Pigott’s son-in-law, Bill Misenheimer, says it’s difficult to tell how many satsumas are on a tree just by looking at it.

“We like to joke about how many five-gallon buckets we will get off of a tree, but you can’t tell how many are on there until you get up under the tree and start picking,” Misenheimer said.

Pigott said he has seen as many as 15 or 20 five-gallon buckets of satsumas picked off a single tree, not including any that may be flawed or diseased.

“We feed the bad ones to the cows. Won’t nothing eat a satsuma except a cow, but when they see us coming with the buckets (of satsumas), they come running,” Pigott said.

The Pigott farm is a family operation, and Pigott usually sells the fruit from his carport for about $10 per peck.

“Most people don’t know what a peck is, but it’s about a quarter-bushel,” Pigott said.

Pigott said a five-gallon bucket, which is about a peck and a half, usually weighs about 50 pounds, and he can usually get about 750 pounds of the fruit off of one tree.

“I sell by volume, not by number,” Pigott said.

Pigott said the best way to store a satsuma is not in the refrigerator, but in a cool, damp place.

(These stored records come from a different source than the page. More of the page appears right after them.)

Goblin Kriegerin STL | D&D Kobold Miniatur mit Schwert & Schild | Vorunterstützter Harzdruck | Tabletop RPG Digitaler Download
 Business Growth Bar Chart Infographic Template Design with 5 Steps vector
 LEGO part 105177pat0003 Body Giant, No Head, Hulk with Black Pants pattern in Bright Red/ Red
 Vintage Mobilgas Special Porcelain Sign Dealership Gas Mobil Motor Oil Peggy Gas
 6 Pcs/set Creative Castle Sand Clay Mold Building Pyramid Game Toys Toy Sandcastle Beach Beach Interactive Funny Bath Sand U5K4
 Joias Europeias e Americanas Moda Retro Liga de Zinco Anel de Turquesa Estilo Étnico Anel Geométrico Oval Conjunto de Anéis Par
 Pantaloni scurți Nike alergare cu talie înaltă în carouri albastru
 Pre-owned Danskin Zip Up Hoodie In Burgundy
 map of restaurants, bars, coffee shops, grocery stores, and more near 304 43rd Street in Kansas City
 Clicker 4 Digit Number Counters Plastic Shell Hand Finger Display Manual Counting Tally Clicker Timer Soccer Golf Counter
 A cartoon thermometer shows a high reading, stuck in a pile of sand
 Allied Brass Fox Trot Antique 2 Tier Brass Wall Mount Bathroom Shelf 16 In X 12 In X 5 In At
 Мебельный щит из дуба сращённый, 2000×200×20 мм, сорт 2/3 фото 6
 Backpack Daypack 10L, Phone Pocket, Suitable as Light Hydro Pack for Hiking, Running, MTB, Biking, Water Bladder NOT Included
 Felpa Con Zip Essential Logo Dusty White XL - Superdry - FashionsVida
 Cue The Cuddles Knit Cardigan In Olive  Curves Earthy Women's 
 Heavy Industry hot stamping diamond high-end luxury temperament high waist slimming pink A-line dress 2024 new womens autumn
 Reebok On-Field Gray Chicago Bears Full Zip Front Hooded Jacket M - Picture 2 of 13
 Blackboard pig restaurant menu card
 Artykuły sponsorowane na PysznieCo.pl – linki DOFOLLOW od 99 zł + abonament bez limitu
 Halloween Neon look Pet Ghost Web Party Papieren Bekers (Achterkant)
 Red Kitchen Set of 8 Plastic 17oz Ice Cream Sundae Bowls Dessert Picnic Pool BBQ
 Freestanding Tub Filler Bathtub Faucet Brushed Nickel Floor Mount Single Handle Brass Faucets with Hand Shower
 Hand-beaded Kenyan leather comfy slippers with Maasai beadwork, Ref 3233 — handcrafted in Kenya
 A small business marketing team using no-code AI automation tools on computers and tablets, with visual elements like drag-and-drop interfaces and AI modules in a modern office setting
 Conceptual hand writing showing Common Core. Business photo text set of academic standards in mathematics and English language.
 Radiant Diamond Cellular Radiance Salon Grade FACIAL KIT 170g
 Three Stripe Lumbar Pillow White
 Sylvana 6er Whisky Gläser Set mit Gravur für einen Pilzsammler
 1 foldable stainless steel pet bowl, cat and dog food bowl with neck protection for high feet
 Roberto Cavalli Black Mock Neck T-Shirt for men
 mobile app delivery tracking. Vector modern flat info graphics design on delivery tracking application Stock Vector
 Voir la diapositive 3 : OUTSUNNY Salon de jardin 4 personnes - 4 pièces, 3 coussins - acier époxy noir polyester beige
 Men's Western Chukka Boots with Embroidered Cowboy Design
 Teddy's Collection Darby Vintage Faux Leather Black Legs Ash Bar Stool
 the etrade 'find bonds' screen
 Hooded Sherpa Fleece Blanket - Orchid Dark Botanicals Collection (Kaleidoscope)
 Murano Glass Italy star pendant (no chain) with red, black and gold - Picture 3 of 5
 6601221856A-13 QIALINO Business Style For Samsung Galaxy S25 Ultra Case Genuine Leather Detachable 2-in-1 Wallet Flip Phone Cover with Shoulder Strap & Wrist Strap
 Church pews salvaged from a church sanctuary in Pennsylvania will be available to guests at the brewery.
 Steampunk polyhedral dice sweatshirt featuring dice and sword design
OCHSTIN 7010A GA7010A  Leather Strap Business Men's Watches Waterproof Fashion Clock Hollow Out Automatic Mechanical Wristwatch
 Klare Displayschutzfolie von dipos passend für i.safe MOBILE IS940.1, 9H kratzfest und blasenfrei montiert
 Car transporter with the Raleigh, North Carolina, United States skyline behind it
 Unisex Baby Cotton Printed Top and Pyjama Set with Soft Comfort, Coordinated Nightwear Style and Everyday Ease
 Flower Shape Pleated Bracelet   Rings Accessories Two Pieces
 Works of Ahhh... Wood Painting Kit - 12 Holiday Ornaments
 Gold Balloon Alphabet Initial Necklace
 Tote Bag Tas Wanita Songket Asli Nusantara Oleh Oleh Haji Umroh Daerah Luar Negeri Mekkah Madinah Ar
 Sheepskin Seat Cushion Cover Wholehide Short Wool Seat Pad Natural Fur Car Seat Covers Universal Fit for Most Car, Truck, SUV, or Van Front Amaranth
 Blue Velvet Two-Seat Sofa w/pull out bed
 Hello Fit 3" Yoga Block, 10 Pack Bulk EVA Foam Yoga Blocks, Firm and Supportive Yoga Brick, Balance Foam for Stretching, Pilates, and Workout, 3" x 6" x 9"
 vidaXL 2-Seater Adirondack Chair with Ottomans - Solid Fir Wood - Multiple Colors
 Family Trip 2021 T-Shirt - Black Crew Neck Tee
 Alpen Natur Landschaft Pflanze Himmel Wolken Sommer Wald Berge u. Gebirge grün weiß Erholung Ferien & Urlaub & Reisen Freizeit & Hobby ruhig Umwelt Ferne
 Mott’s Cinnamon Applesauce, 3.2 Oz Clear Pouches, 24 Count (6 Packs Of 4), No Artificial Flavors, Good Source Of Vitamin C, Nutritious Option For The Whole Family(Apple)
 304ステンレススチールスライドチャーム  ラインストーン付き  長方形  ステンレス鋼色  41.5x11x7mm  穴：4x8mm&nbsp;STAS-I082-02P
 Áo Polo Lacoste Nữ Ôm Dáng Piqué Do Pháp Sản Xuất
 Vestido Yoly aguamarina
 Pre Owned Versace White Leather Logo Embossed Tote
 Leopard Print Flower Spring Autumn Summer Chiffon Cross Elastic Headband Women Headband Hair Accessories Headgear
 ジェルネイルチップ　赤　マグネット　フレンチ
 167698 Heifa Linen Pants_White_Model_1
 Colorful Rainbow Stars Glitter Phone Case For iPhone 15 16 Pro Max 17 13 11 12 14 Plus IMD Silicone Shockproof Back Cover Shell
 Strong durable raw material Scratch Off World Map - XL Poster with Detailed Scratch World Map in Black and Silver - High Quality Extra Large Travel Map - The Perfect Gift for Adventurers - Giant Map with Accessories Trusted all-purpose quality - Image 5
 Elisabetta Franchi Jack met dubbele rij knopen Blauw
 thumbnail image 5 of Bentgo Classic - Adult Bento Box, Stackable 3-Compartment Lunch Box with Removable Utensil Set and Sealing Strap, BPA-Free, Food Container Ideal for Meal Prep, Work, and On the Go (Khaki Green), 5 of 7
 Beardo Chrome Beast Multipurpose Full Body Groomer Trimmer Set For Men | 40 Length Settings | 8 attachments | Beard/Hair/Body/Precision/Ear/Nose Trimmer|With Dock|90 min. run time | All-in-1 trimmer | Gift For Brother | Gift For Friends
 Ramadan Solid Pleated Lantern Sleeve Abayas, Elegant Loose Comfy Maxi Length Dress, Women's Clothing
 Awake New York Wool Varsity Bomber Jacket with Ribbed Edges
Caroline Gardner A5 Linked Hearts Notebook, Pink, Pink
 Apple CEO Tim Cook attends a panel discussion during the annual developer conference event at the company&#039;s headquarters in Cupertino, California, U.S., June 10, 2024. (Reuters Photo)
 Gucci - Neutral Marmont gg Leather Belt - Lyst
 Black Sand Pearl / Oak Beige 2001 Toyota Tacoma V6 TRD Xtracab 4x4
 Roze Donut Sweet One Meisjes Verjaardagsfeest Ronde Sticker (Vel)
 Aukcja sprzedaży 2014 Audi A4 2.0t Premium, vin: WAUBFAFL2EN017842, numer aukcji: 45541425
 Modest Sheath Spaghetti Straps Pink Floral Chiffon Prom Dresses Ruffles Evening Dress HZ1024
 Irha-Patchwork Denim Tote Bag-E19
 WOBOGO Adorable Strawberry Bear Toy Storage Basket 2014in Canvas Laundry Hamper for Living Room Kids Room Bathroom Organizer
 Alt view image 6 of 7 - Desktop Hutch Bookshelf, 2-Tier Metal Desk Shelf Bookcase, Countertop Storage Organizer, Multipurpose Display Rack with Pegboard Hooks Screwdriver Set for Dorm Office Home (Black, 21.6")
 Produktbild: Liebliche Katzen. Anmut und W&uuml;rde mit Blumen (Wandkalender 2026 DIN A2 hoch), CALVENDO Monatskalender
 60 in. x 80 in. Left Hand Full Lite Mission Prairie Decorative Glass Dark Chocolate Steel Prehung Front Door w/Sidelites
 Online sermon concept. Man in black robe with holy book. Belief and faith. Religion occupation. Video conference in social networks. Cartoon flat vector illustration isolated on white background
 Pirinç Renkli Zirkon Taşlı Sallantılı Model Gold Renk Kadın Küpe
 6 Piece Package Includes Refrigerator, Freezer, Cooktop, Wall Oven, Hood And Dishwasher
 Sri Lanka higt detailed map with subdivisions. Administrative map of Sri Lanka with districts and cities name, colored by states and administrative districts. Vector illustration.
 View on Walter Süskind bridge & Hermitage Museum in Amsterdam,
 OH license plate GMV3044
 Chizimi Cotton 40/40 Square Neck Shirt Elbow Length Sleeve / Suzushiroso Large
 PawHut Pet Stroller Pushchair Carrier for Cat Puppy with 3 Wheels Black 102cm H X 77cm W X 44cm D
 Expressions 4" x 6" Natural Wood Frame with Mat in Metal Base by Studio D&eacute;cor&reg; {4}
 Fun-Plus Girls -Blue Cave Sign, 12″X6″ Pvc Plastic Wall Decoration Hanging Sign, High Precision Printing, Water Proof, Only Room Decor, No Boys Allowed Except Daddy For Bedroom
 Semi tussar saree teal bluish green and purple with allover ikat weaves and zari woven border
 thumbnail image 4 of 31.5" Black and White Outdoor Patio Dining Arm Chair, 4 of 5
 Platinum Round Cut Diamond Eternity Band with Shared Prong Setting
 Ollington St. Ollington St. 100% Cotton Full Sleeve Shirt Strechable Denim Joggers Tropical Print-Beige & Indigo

“If you store them out of the sun and heat and where it is damp, then they’ll keep for about two weeks. If you store them in the icebox, then the sap will dry up and they’ll be ruined within a day or two,” Pigott said.

Spell said he has known the Pigott brothers for years, ever since they worked with his father back in the 1930s and 1940s.

“The Pigotts are good, hard-working people. They have a very unique operation. It’s Mississippi’s largest commercial satsuma farm. The satsuma is a very healthy and wonderfully sweet fruit, and we want people to know about this place. This farm is something unique to Pearl River County,” Spell said. “These people aren’t just selling fruit, they’re selling an experience.”